Re: [PATCH] mm: userfaultfd: add UFFDIO_CONTINUE_MODE_WP to install WP PTEs

[Date Prev][Date Next][Thread Prev][Thread Next][Date Index][Thread Index]

 



On Tue, Feb 14, 2023 at 2:17 PM Matthew Wilcox <willy@xxxxxxxxxxxxx> wrote:
>
> On Tue, Feb 14, 2023 at 01:50:46PM -0800, Axel Rasmussen wrote:
> > UFFDIO_COPY already has UFFDIO_COPY_MODE_WP, so when installing a new
> > PTE to resolve a missing fault, one can install a write-protected one.
> > This is useful when using UFFDIO_REGISTER_MODE_{MISSING,WP} in
> > combination.
> >
> > So, add an analogous UFFDIO_CONTINUE_MODE_WP, which does the same thing
> > but for *minor* faults.
> >
> > Rename "wp_copy" arguments to "wp_mode", since the mode now applies
> > more widely than just to the copy operation.
>
> Speaking as someone not familiar with this code, i do not care for
> this rename.  before, it says "bool wp_copy".  i'm not sure what "wp"
> is, but "copy" i understand.  so if it's true, i need to copy and false,
> i don't.  now it's "bool wp_mode".  so if it's true, it's a mode and if
> it's false it's not a mode?  what?

Agree it's confusing.
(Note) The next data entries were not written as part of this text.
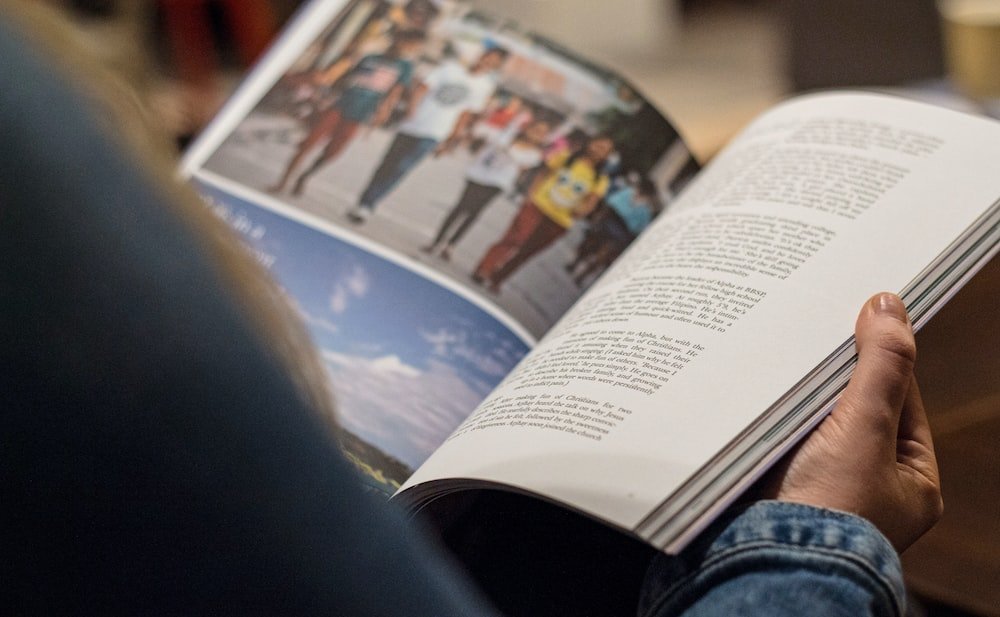 Revistas ARI tweet media
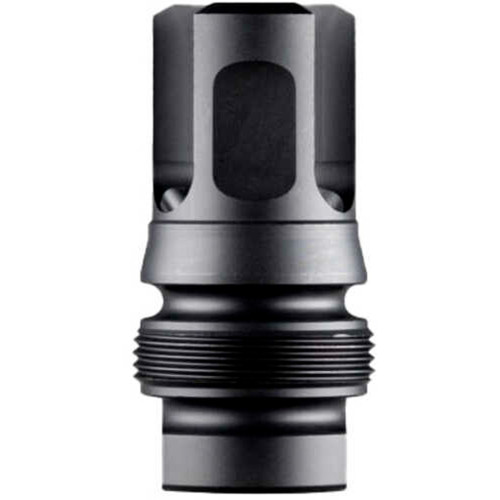 Dead Air Silencers Xeno 3-Prong Mount .38 Cal. .625-24 for 5.56 NATO/.223 REM Platforms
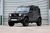 Suzuki Jimny 5 door styled by Seeker 10k upgrades fitted 
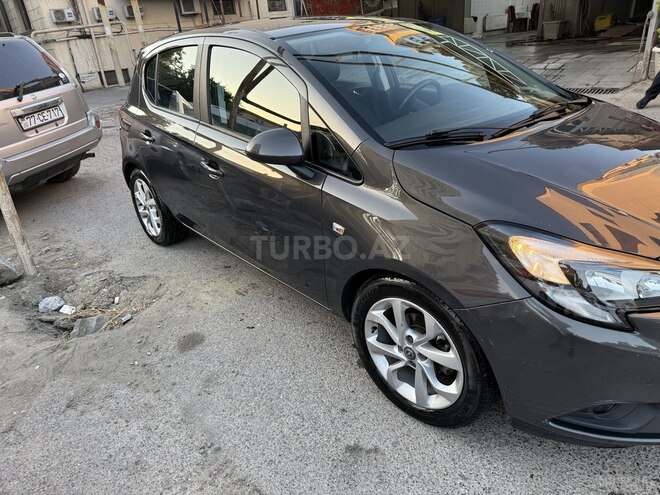 Opel Corsa-5
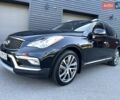 Черный Инфинити QX50, объемом двигателя 3.7 л и пробегом 59 тыс. км за 15900 $, фото 8 на Automoto.ua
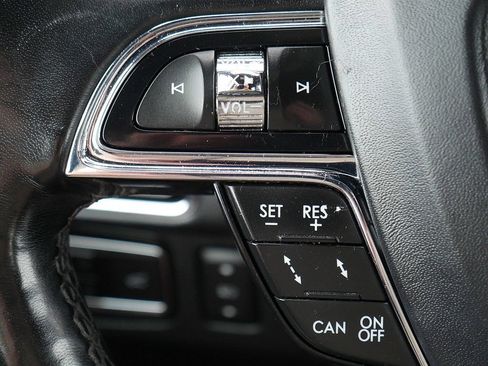 Used 2019 Lincoln Navigator Reserve AWD/4WD image 30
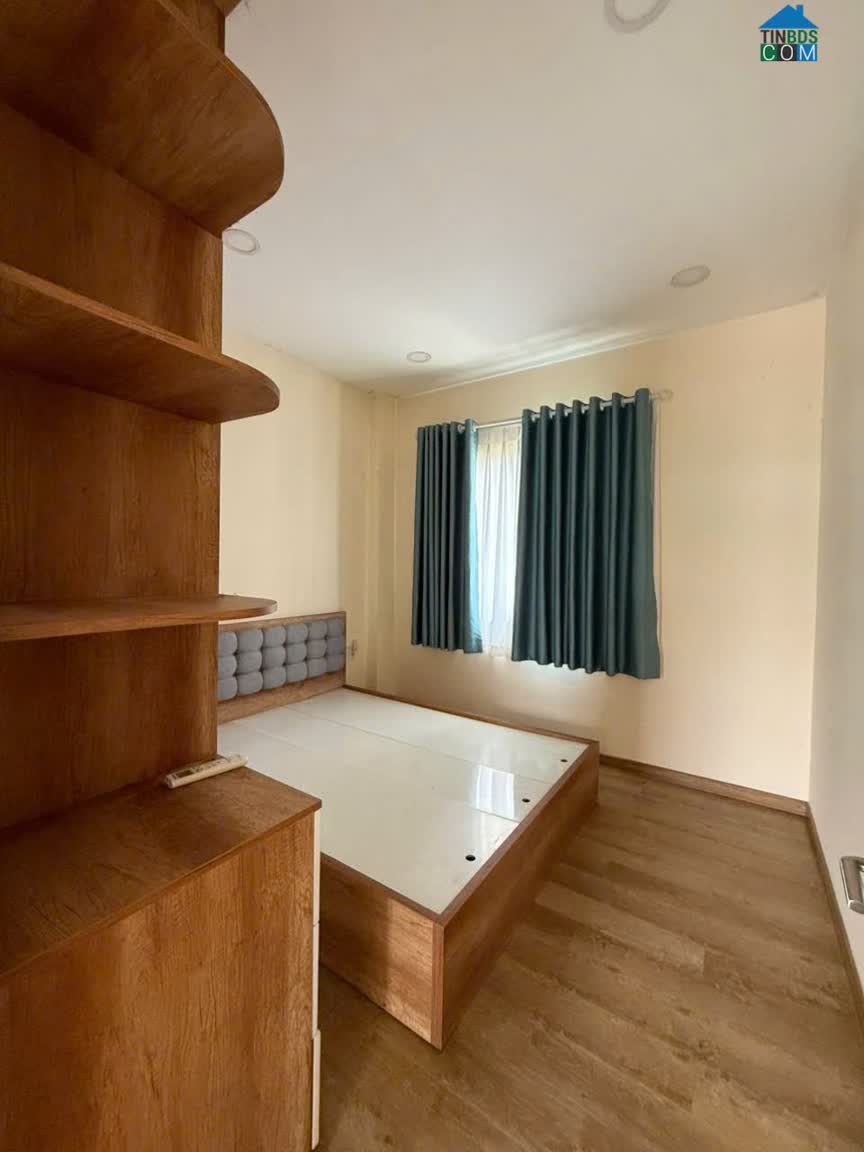 Ảnh Cho Thuê Nhà Mới – Nội Thất Cao Cấp Rio Vista Quận 9 0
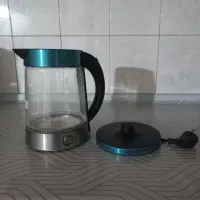 چای ساز  برقی|سماور، چای‌ساز، قهوه‌ساز|تهران, آذری|دیوار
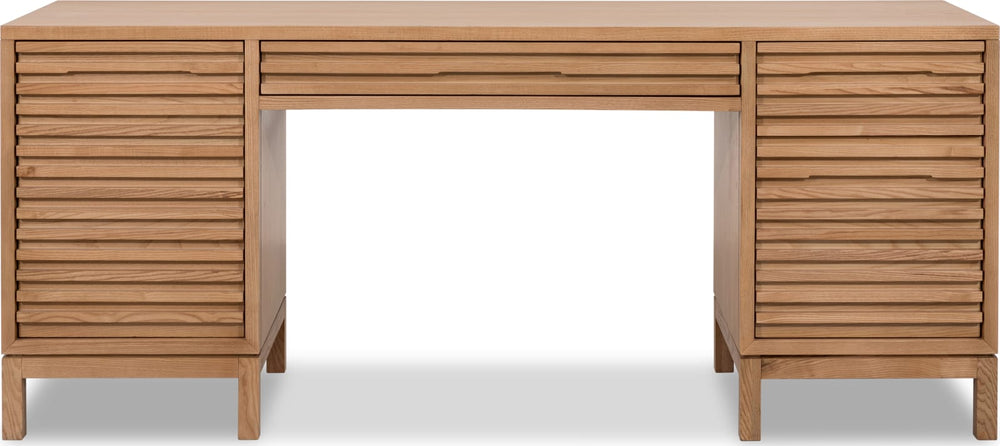 Tanner File Drawer Desk - Flx – view 2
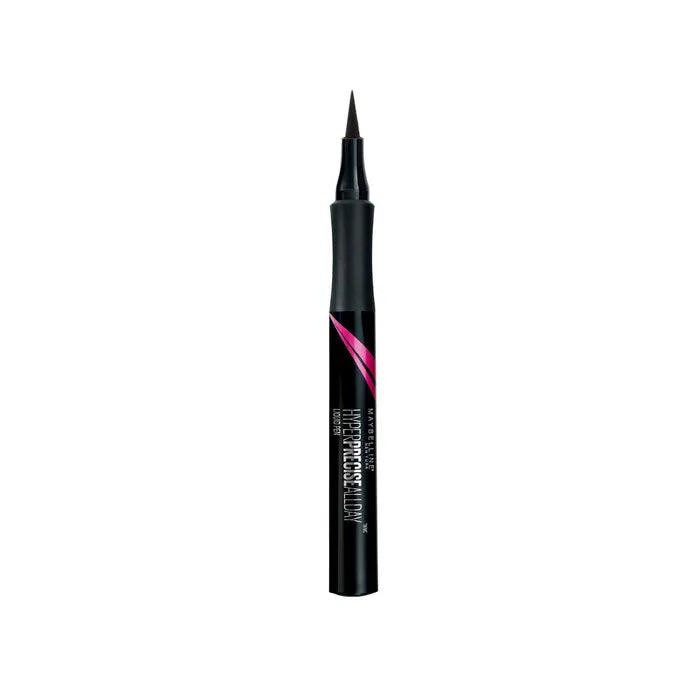 Maybelline Eye Studio Masterprecise Liquid Eye Liner Black - By Mio Perfumería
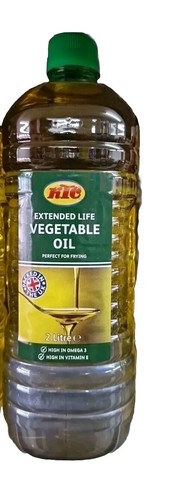 Ktc extended life vegetable - ktc,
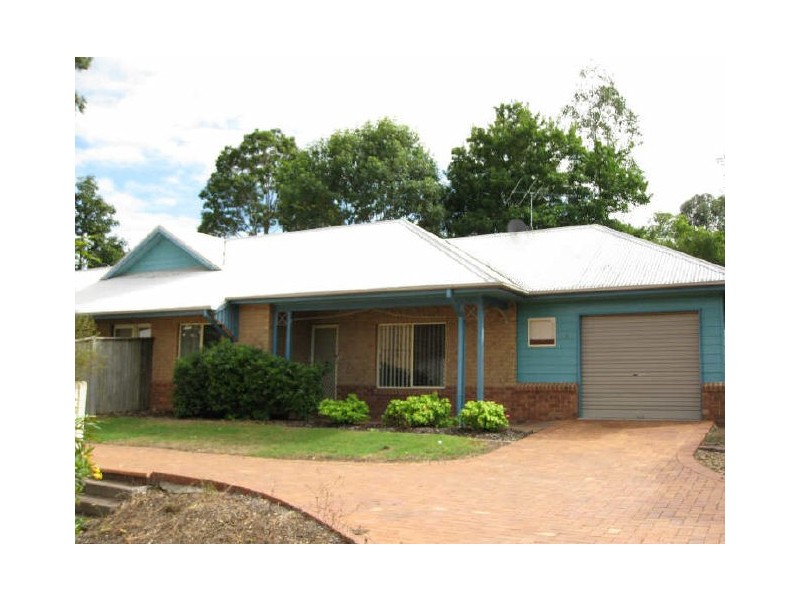 Unit5/13 John Staines Crescent, North Ipswich QLD 4305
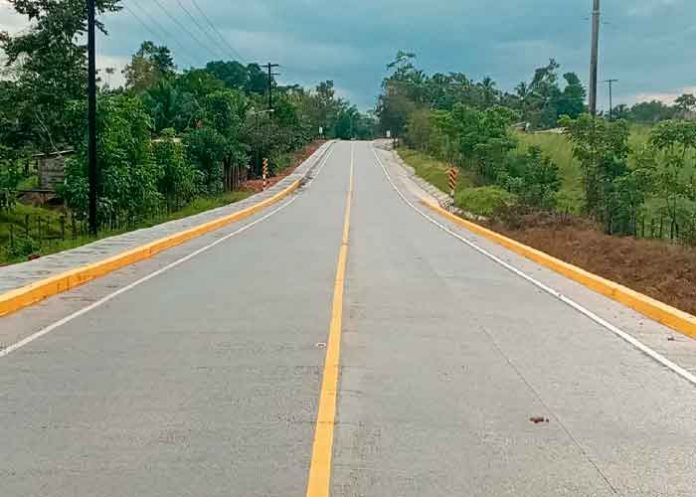 Avanza Conexión Interoceánica Pacífico-Caribe Norte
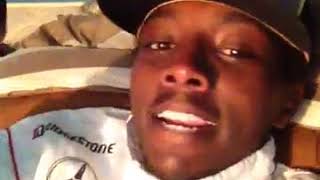 Crazy freestyle Bby...by Lifa Livosti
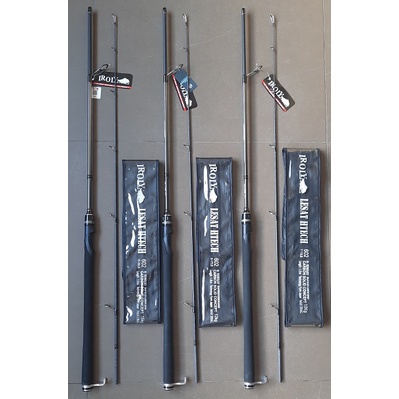 Rod IROLY LESAT HTECH 180cm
The "copy" refers to the "UFFDIO_COPY" ioctl,
which specifically allocates a new page, and *copies* its contents
from userspace. Continue, on the other hand, doesn't do any page
allocation or copying, it just installs a PTE for a page already in
the page cache. This is why I thought leaving the "copy" around would
be confusing.

Honestly there are other existing cases where this confusion remains;
e.g. the function mcopy_atomic doesn't necessarily do any page
allocation or copying, because the same code path also handles the
continue case.

Agree that at the very least wp_enabled or something would make more
sense, given it's a bool.

>
> stepping back for a second, i think the real problem is that the argument
> list has got out of control.  8 arguments to hugetlb_mcopy_atomic_pte(),
> the same # to shmem_mfill_atomic_pte(), a subtly different 8 to
> mfill_atomic_pte().  someone needs to create a struct with a sensible
> name to contain all of this.  i bet it'll shrink the code too; marshalling
> all these arguments is unlikely to be cheap.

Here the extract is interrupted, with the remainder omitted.